The Son arrived home for a few days. He is currently based in Boston, USA, so his homecoming is an event. It’s an irritating fact about ‘events’ that they tend not to go quite as perfectly as you hoped. As you get older, you factor this in. Just take it as it comes, you say to yourself. Be relaxed. Minor organisational hiccups don’t matter a jot. It’s how YOU are that makes the visit happy or less happy. I always want to pass this advice on to women in bridal shops. Why on earth fuss your wedding up with things to go wrong? Who cares what colour the napkins are? Who really cares what you wear? The happiest days of your life come unexpectedly. You can’t order them like cinema tickets.

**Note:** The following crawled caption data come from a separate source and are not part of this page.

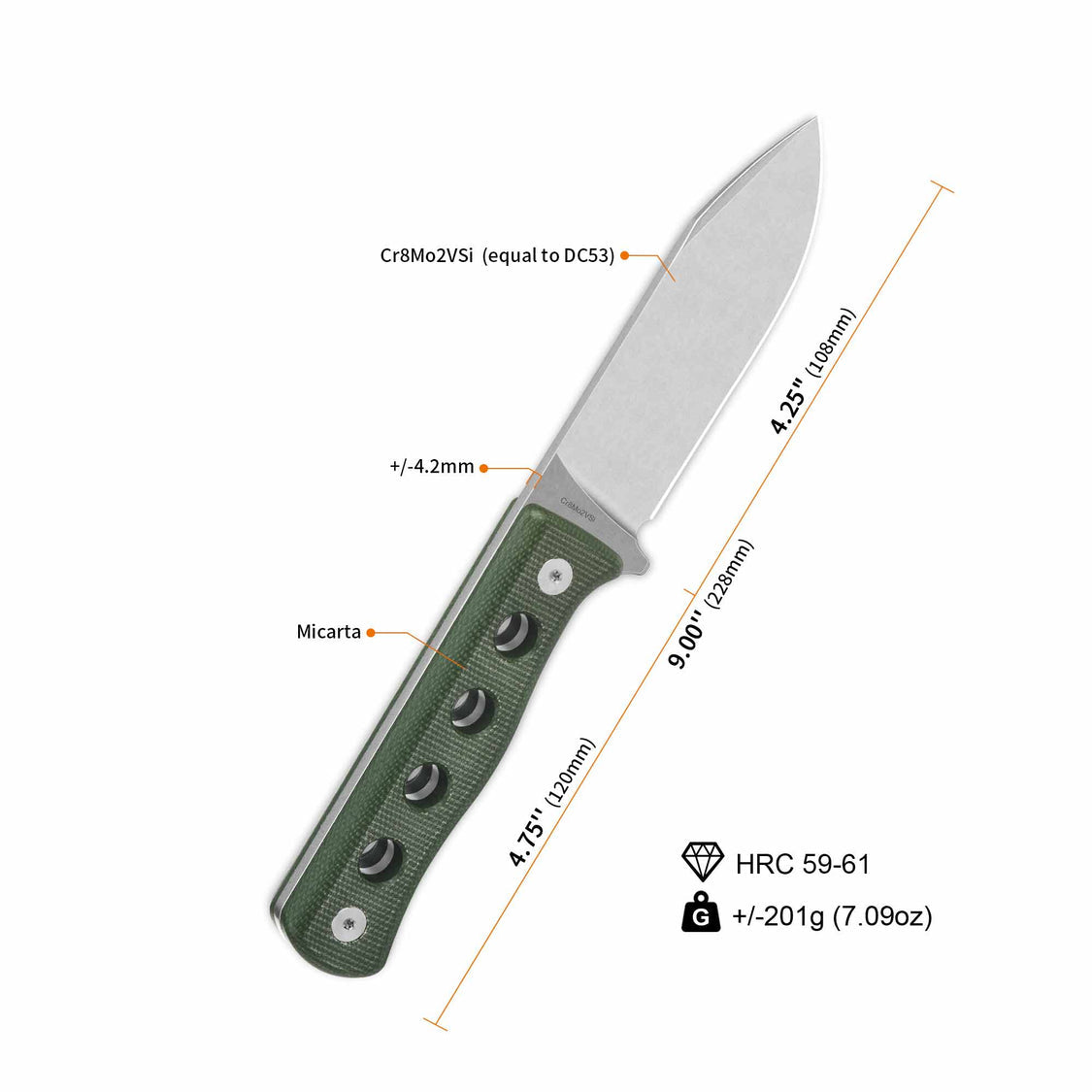 QSP QS155-C1 Canary Fixed Blade Knife Cr8Mo2VSi(DC53) Blade Green Micarta Handle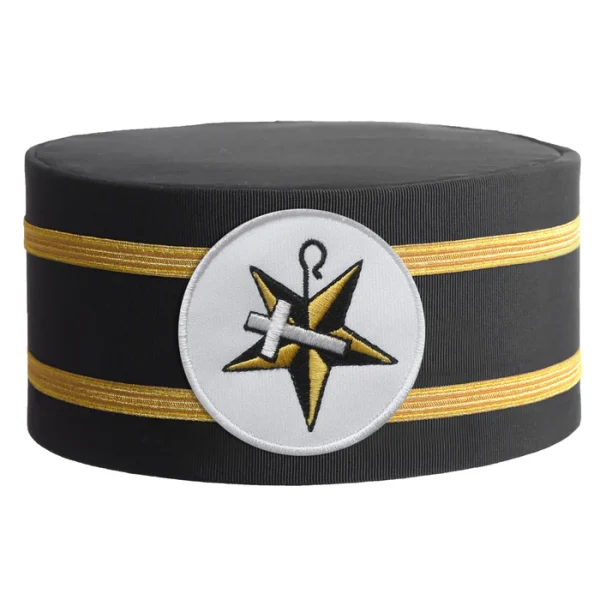 The Order of the White Shrine of Jerusalem Crown Cap - White Round Patch with Double Braid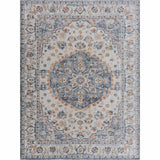 Hiti Blue&Cream Flat Pile Washable Rug - Limited Edition - Ornate Home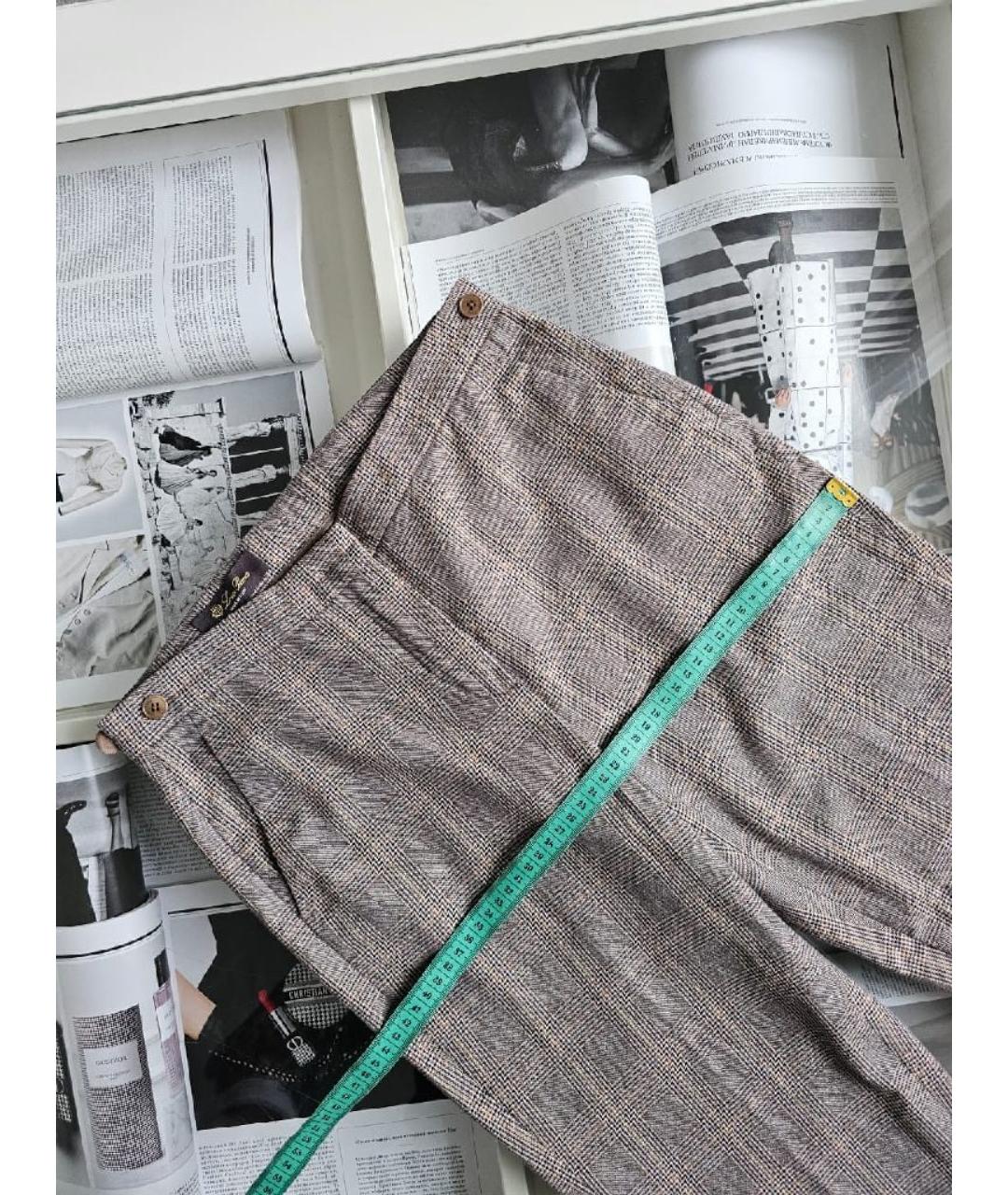 LORO PIANA Бежевые хлопковые прямые брюки, фото 5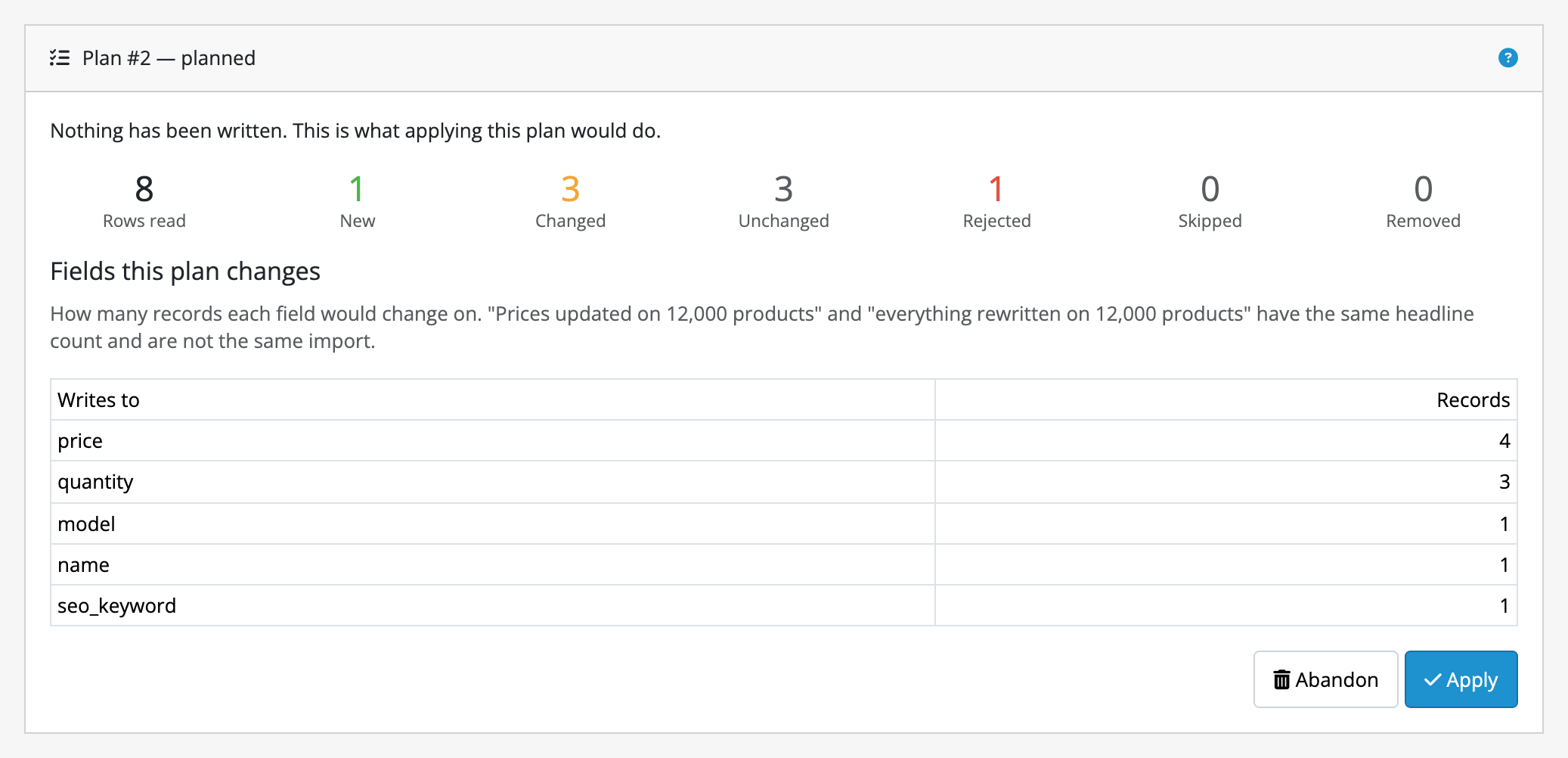 The plan summary card: seven counts across one row, among them rows read, new, changed, unchanged and rejected.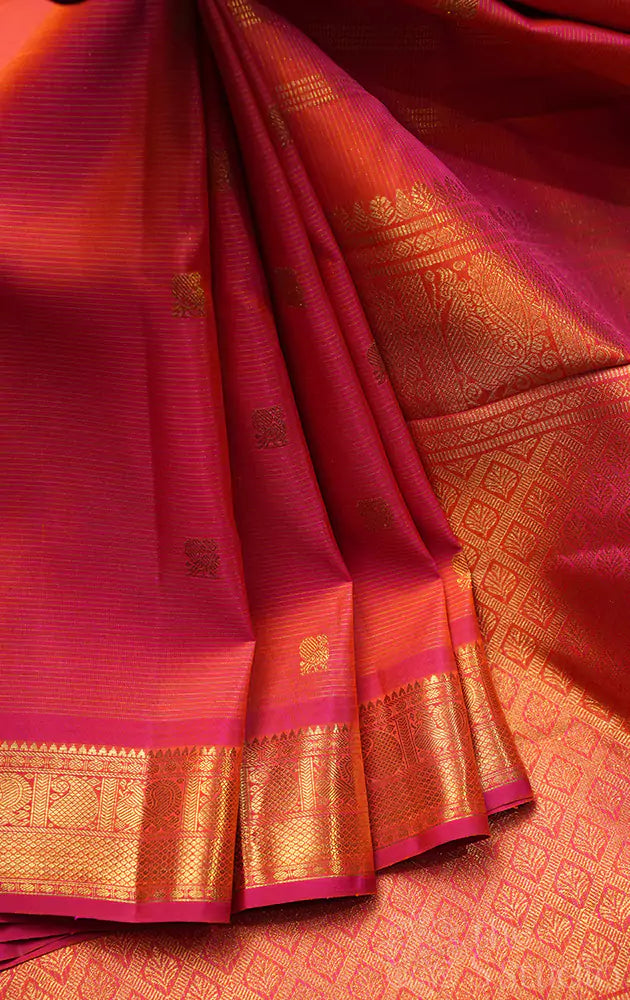 Bright peach vairaoosi kanjivaram saree with small border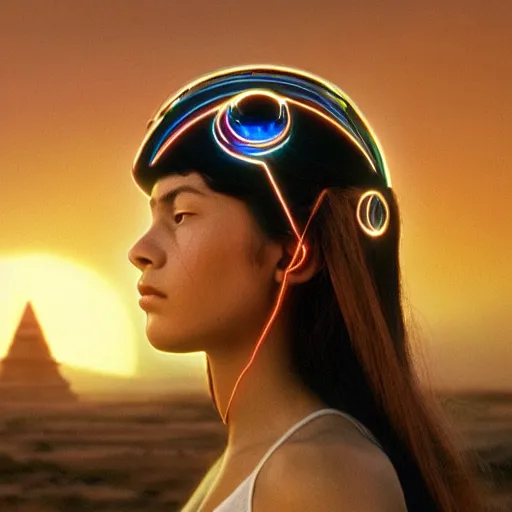 Image similar to beautiful Fine art photo of a young meditative godess wearing a cyberpunk electronic mayan helmet, photorealistic, high quality, sunrise lighting, in the movie 2001 A SpaceOdyssey, 8k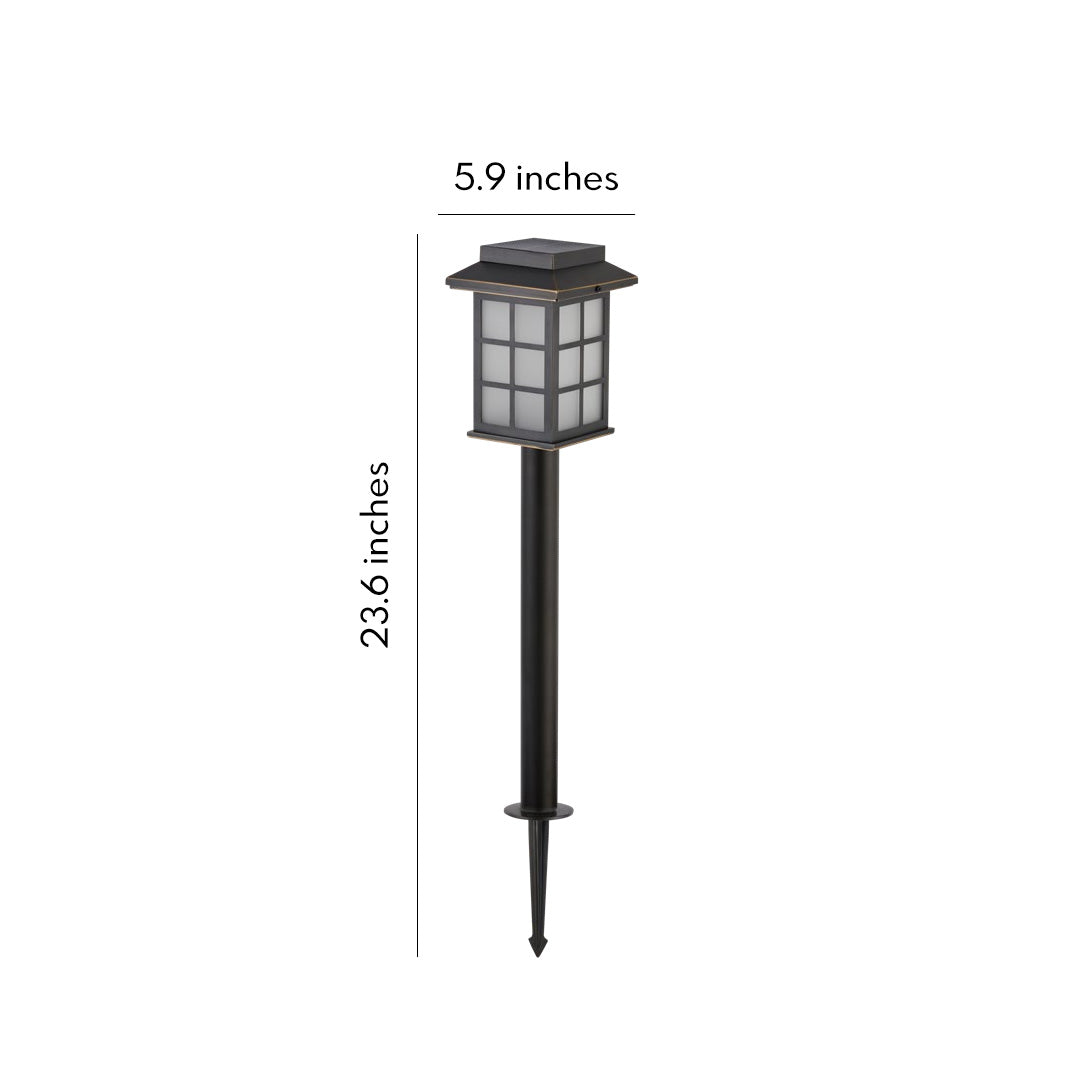 Solar led path lights with classic lantern-style head and black stake design, shown as a single product on a clean background.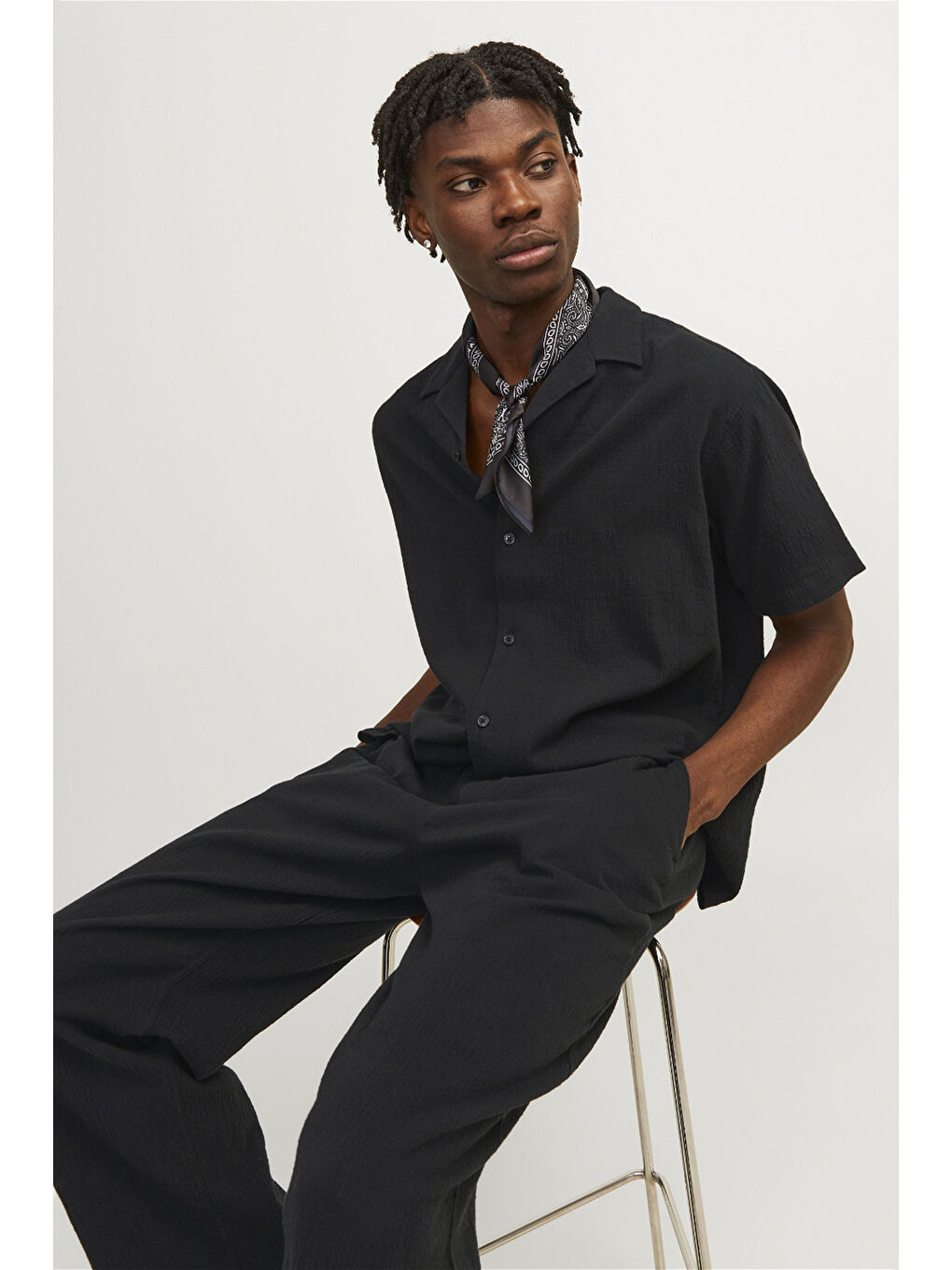 Siyah Originals Jorluke Pamuklu Relaxed Fit Kısa Kollu Poplin %100 Pamuk Gömlek 12255781-2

Anyhow, we didn’t fuss the visit weekend up, and as a result it was lovely from arrival to all-too-soon departure. Nothing spectacular was done. We sat about over dinner. We nodded off in front of the Burrell Collection documentary video. We found our way to Chatelherault park (we find finding things difficult, so this was high risk). We had a picnic in the car – egg sandwiches, coffee from a flask, shortbread, chocolate – entertained by a girl trying to load a reluctant horse into a lorry. Our sense of direction being a bit squiff, we went for a rather longer walk than anticipated. The miracle of absolute enjoyment in the ordinary moment.
Now the Son is gone. Some mothers like the continued sense of a child’s presence in a tumbled room. I’m not one of those. When any of the children visit, once the awful goodbye is done I rush to strip and remake the bed so that as soon as humanely possible, the room is prepared for the next visit. Looking forward sees me through. In the Son’s room, I also find the things he’s left behind. Even before he’s touched back down in Boston, I’m humming, with apologies to the Proclaimers
‘When you go will I send your phone charger to America?
You can search through your luggage but you will not find it there.’